Trattandosi di comunicazioni depositate a interventi già conclusi, è previsto il versamento di una sanzione pecuniaria. Presentando il documento quando l’intervento è ancora in fase di esecuzione, la sanzione amministrativa viene ridotta di 2/3.
L’articolo 34-bis dell’anzidetto TUE definisce difformità non rilevanti le eventuali, lievi violazioni di altezza, cubatura o superficie coperta che non eccedono per la singola unità immobiliare il 2% delle misure progettuali. Trattandosi di scostamenti dai parametri autorizzati di entità limitata, non sono qualificabili come illeciti edilizi e, pertanto, non è necessaria alcuna procedura di sanatoria.
I costi associati alla sanatoria edilizia comprendono due voci di spesa:
Orientativamente, per una sanatoria edilizia che richiede la presentazione della comunicazione di inizio lavori asseverata (CILA) postuma, a lavori ultimati, il costo è di circa 1000 euro. Come accennato, presentando il documento quando l’intervento è ancora in corso d’opera, la sanzione viene ridotta di 2/3 e l’importo da versare è di circa 330 euro.
Per una sanatoria edilizia che richiede la presentazione della segnalazione certificata di inizio attività (SCIA) a lavori ultimati, il costo parte da un minimo di 1000 euro. Anche in questo caso, presentando il documento quando i lavori sono ancora in fase di esecuzione è prevista una riduzione della sanzione, e l’importo da versare parte da circa 500 euro.
Il compenso del professionista, invece, varia a seconda della complessità della sanatoria e parte indicativamente da un minimo di 500 euro.
Il decreto legge numero 69 del 29 maggio 2024, conosciuto come decreto salva casa, mira a introdurre procedure semplificate al fine di sbloccare la situazione di un gran numero di immobili in Italia che attualmente non possono essere venduti, affittati o ristrutturati a causa di lievi difformità edilizie e irregolarità burocratiche.
Sanare una stanza da bagno abusiva può costare indicativamente dai 2000 ai 5000 euro, tra sanzioni pecuniarie e parcelle dei tecnici, il cui importo varia in base all’entità e complessità dell’illecito.

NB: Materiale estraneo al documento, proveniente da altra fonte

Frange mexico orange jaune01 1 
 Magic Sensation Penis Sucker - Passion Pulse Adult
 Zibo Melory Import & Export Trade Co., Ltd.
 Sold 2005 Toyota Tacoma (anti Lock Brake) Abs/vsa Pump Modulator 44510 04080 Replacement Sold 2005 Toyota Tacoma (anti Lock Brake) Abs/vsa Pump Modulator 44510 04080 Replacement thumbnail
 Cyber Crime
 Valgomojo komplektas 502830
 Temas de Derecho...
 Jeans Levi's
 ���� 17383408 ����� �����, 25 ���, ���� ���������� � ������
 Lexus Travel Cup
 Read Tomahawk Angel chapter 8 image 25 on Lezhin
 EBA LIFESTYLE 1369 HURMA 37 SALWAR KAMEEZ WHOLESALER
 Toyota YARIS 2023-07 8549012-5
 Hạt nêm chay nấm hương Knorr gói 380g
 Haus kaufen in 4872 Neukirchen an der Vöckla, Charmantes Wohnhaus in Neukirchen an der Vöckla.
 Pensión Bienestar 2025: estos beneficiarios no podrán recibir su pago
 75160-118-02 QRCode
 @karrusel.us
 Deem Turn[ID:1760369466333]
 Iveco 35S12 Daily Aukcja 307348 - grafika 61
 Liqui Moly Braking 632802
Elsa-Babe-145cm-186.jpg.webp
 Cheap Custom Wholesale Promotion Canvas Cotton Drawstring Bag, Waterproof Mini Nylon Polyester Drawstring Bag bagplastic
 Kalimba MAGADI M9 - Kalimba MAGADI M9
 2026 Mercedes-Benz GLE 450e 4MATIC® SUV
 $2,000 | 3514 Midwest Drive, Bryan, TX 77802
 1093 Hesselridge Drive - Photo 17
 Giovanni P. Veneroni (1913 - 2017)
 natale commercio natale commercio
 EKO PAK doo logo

In teoria, un immobile con abusi edilizi può essere venduto, a patto che nel contratto di compravendita sia espressamente indicato che il bene abbia subito variazioni per via di ampliamenti strutturali o interventi abusivi. La presenza di irregolarità non sanate penalizza il valore dell’immobile e ne ostacola la compravendita.
La nuova sanatoria edilizia, introdotta dal decreto salva casa, è stata pubblicata sulla Gazzetta Ufficiale il 29 maggio 2024 ed è entrata in vigore il 30 maggio 2024.